BEGIN

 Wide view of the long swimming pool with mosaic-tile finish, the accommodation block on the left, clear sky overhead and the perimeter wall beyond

END
BEGIN

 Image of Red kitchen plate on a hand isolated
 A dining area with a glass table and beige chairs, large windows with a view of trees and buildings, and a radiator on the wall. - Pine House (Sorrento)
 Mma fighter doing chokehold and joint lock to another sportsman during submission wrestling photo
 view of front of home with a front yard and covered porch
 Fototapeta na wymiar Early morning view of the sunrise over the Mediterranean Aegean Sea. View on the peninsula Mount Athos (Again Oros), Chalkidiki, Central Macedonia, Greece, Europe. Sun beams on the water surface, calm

END

_WHAT THE TASK REQUIRES:_ Search the data for "wall". Copy each line that has it.

_RESPONSE:_
 Wide view of the long swimming pool with mosaic-tile finish, the accommodation block on the left, clear sky overhead and the perimeter wall beyond
 A dining area with a glass table and beige chairs, large windows with a view of trees and buildings, and a radiator on the wall. - Pine House (Sorrento)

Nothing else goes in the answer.